Naeem Mohaiemen, Tripoli Cancelled, 2017, video, 1h 33min. Courtesy the artist

Not only do these artworks involving the search for a missing film or the restitution of a wider cinematic effort constitute their own potential genre, but also they are part of the broader archival turn in contemporary art since the 1990s. In many ways this has been driven by artists coming from or concerned with places variously defined as postcolonial, post-conflict, third world, developing, emerging or – perhaps most accurate – fitfully and experimentally engaged in processes of decolonising. Much of the archival work that makes up this turn is melancholy or elegiac in mode. Often, the impulse is to restore a sense of wholeness to the past, or to show the fullness of a utopian moment that was destroyed and left in ruins. But while sorrow tends to dominate, the best of these works actively interrogate the past, whether playfully, mischievously, angrily or urgently. And they tend to be motivated as much by problems in the present as by missing links to the past. Examples include: Anri Sala’s Intervista (Finding the Words, 1998), in which he tries (in vain) to restore the sound of a film reel he discovered of his mother giving a political speech; Tayfun Serttaş’s work on the archives of the Armenian photographer Maryam Şahinyan in Istanbul, which was published as a book, Foto Galatasaray, named after her studio, in 2011, and belongs to the artist’s wider project on the tumultuous twentieth-century history of Istanbul; or Akram Zaatari’s long-term deconstruction of the photographer Hashem El Madani’s portrait studio in the southern Lebanese city of Sidon, which has yielded two books, several films and numerous photographic series, which are now housed in the permanent collections of Tate in London and the Museum of Modern Art in New York, among other institutions (another series by Zaatari from Madani’s archive, titled The End of Love, was included in the 2018 Kochi-Muziris Biennale). These projects are more notable for illuminating the inheritance of past politics – their contemporary fallout, their flimsiness in translation, their obvious lack of foresight, their occasionally disastrous trickle-down economics and oblivious sexual/gender politics – than they are for remaining faithful to what those past politics entailed in their day.

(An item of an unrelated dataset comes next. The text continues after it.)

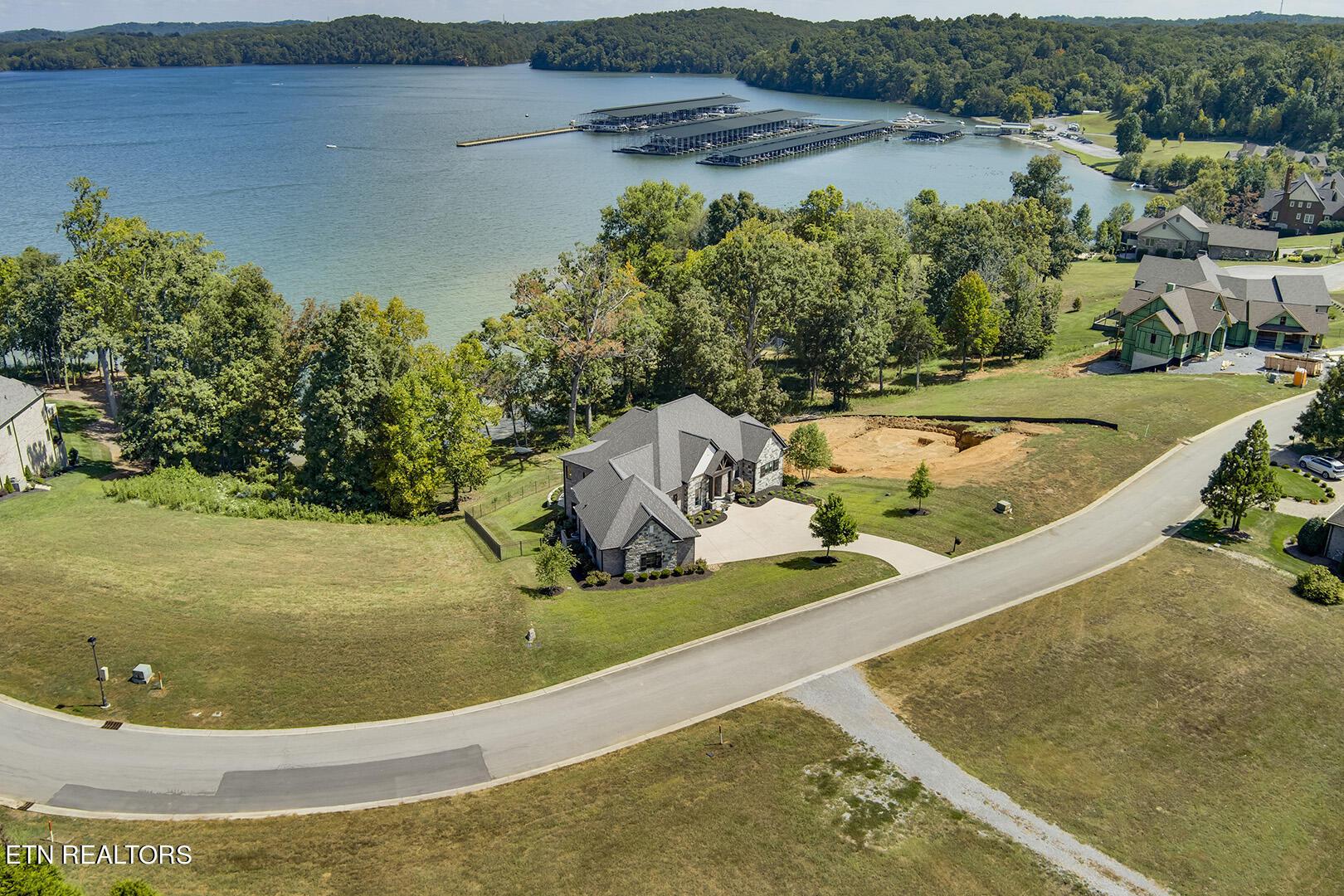 17012 Lighthouse Pointe Drive, Lenoir City, TN - Fort Loudoun and Tellico Lake Real Estate - Image# 3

Visible Collective (Naeem Mohaiemen, Tausif Khan), Invisible Man, 2006, video, 5min 9sec. Courtesy the artists

What is striking and perhaps distinct about Mohaiemen’s approach to the lost or missing film is his honesty in admitting that the film itself might not matter so much.01 For Mohaiemen, the more important thing is what else the search turns up, the digressions and diversions, the real and fantastically imagined reasons for the desired object’s absence in the first place. Even when the thing itself is found, it often proves disappointing, or fascinating in totally surprising or minor ways, for the details to be found on the margins or in the background, for example. The most important thing may very well be the storytelling to which the search gives rise. Mohaiemen’s work tends to thrive in narrative: in the enthusiasm with which he orchestrates twists and turns in a plot; in the humorous, ironic or whimsical details with which he marks a character and/or that character’s fate. Mohaiemen’s interest in Raihan’s abandoned film reel is also indicative of other particularities in his archival practice, of his characteristic engagements with history. In a manner that is relatively quiet and does not fetishise upfront the notion of collectivity itself, he pursues his various inquiries in constant dialogue with artists of his own generation and earlier. He never loses sight of the simultaneity of his subjects, of what was happening elsewhere at the same time. And because he tends to discover materials by chance, not the thing he was looking for but the other things he uncovers by accident, he is committed to leaving those materials open and to a certain extent ambiguous.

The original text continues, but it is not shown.